* [Required work]:
With pictures excluded, give again exactly the lines running from the one holding "Neutralware Konferenztisch communication" through the end of the listing below.

* [Given information]:
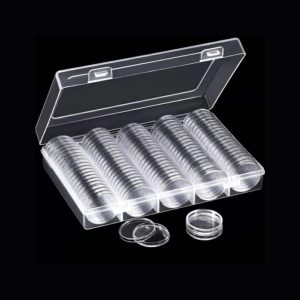 100 Cápsulas Plásticas para Almacenar Monedas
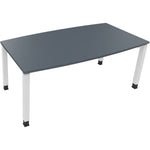 Neutralware Konferenztisch communication 1.800 x 680-820 x 800/900 mm (B x H x T) verkehrsweiß – Produktbild 4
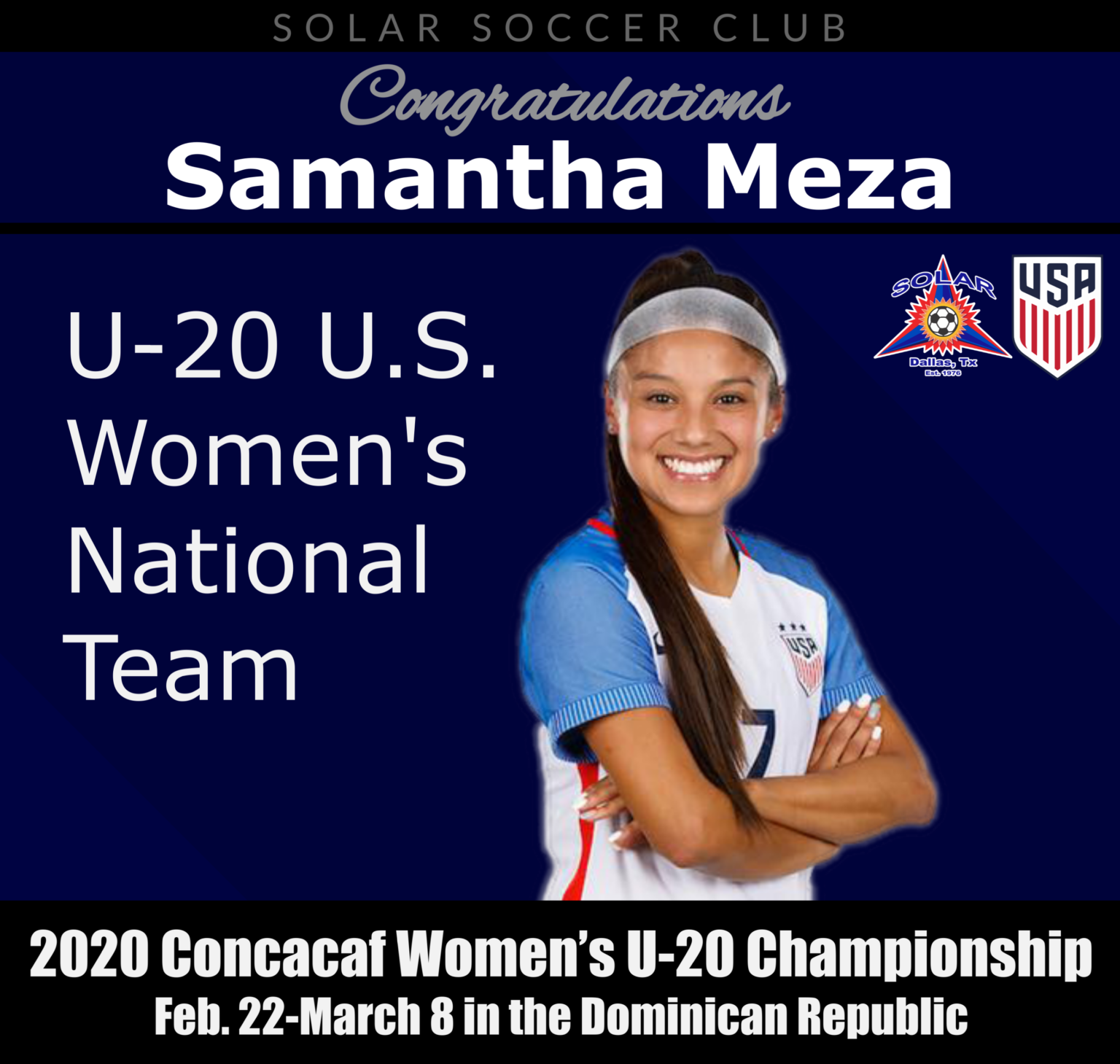 Samantha Meza selected for U20 US Women’s National Team for CONCACAF U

* [Solution to the problem]:
 Neutralware Konferenztisch communication 1.800 x 680-820 x 800/900 mm (B x H x T) verkehrsweiß – Produktbild 4
 Samantha Meza selected for U20 US Women’s National Team for CONCACAF U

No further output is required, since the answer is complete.